Лишь тот, кто преодолел губительные страсти, воистину есть самодержец «себе же и сущим под ним подручником», а покорившийся им рабу подобен, ибо, по евангельскому выражению, «всяк творяй грех раб есть греху». И что может быть зазорнее, нелепее и противозаконнее, чем одержимый страстями и низко падший правитель, так высоко вознесенный в своем положении, считает мыслитель. Чтобы этого не случилось, дабы «умную души доброту стяжати», государю нужно иметь «дивна советника и доброхотна». Общение с мудрыми и высоконравственными наставниками «вразумляет мысли наши», в то время как недобрые советы, «беседа злых», губят человека и способны его «омрачати и развращати до конца». В заключение Максим обращается к авторитету «Менандра философа» (довольно частый для него прием использования античного наследия), с тем чтобы молодой государь, поборов три губительные страсти, обратился к трем спасительным добродетелям: «правде», «целомудрию» и «кротости». Эти добродетели понимаются Греком не только в моральном плане, но и как гражданские достоинства, как своеобразные принципы законности. «Правда» трактуется как правый суд, «иже не на лице тяжущихся смотрит, ниже мзды приемлет». «Целомудрие» – как «чисто сжительство», законный брак, так попиравшийся потом развратным царем.
«Кротость» к подданным должна сочетаться с «устрашением государьским», но не «на погубление», а «на исправление» их (см. 14, 2, 184). В одной из рукописей середины XVI в., текстуально не во всем совпадающей с печатным изданием, слова «Менандра философа» завершаются многозначительной сентенцией: «Иже треми сими добродетельми правит власть свою, суще въ истину царь есть православен, образ одушевлен самого царя небеснаго» (4, л. 423).
Идеальное правление, по Максиму Греку, включает в себя как морально – этическое начало, так и социальную справедливость. «Отсюда самодержавие получает два смысла: во – первых, им обозначается соответствие царя нравственному идеалу вообще; а во – вторых, оно указывает, что царь подчиняется началу законности и проводит его в своем управлении государством» (32, 264).
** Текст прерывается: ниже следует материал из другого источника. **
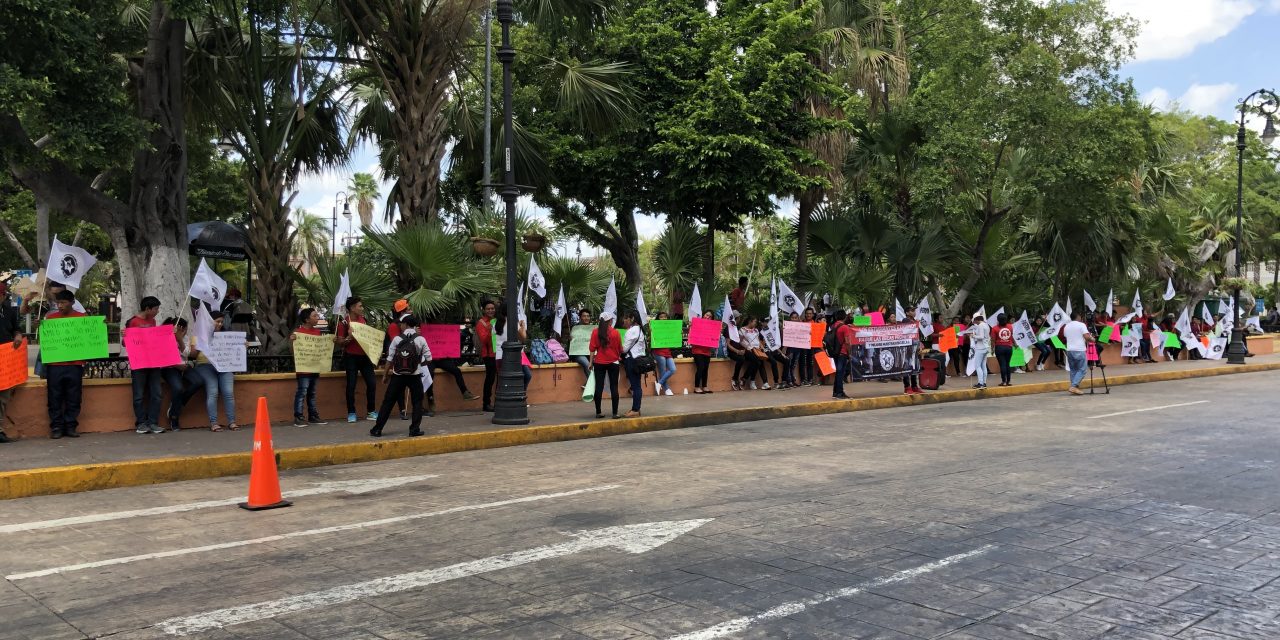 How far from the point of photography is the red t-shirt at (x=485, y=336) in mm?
14648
Это одна из первых попыток ограничить самодержавную власть в период ее становления.
В первые годы своего царствования, когда молодой государь проводит прогрессивные по тем временам реформы, он вроде бы прислушивается к советам «искусного философа» Максима. Однако искушение неограниченной властью, превратившееся в тяжкий грех самодержавия – тиранию, оказывается сильнее. Иван Грозный постепенно становится деспотом, который не терпит никаких возражений и начинает разорять собственную страну, устраивая кровавые погромы и лютые казни. Он губит себя как личность, доводит до вырождения правящую династию Рюриковичей, и Россия после успехов в первые годы его правления впадает постепенно в тяжелый кризис, едва не приведший к потере независимости в эпоху «Смутного времени».
А помог царю стать тираном иной советник, о котором также говорит Курбский в своей «Истории о великом князе Московском». Во время той же поездки в Кирилло – Белозерский монастырь у Ивана Грозного была еще одна, не менее знаменательная встреча с другим иноком, чернецом Николо – Песношского на Яхроме монастыря Вассианом Топорковым, иосифлянином, низложенным с поста епископа Коломенского «за лукавство и жестокосердие». Он, по словам Курбского, дает царю такой совет: «И аще хощеши самодержец быти, не держи собе советника ни единаго мудрейшаго собя, понеже сам еси всех лутчши; тако будеши тверд на царстве, и всех имети будеши в руках своих. И аще будеши иметь мудрейших близу собя, по нужде будеши послушен им». Иван с восторгом принимает этот «силлогизм сатанинский», глубоко западающий в его душу: «Царь же абие руку его поцеловал и рече: „О, аще и отец был бы ми жив, таковаго глагола полезнаго не поведал бы ми!“» (78, стлб. 212).
Конечно, как остроумно замечают исследователи, тайные речи не затем говорятся, чтобы они кому-то стали известны, и вряд ли Курбский ясно слышал эти слова, если даже он и стоял у дверей кельи, где шла сокровенная беседа. Смысл опять же не в том, какие слова и кем были сказаны молодому государю, а в том, что в душе Ивана победило не мудрое и нравственное начало, но взяли верх жажда неограниченной власти, желание стать выше закона и морали, подчинить своей самодержавной воле всех подданных, сделать их послушными, безвольными, терпеливыми рабами. И это имело трагические последствия как для царя, так и для всей страны, что является уже бесспорным историческим фактом: «…таковую искру безбожную в сердце царя християнского всеял, от нея же во всей Святоруской земли таков пожар лют возгорелся» (там же, стлб. 216).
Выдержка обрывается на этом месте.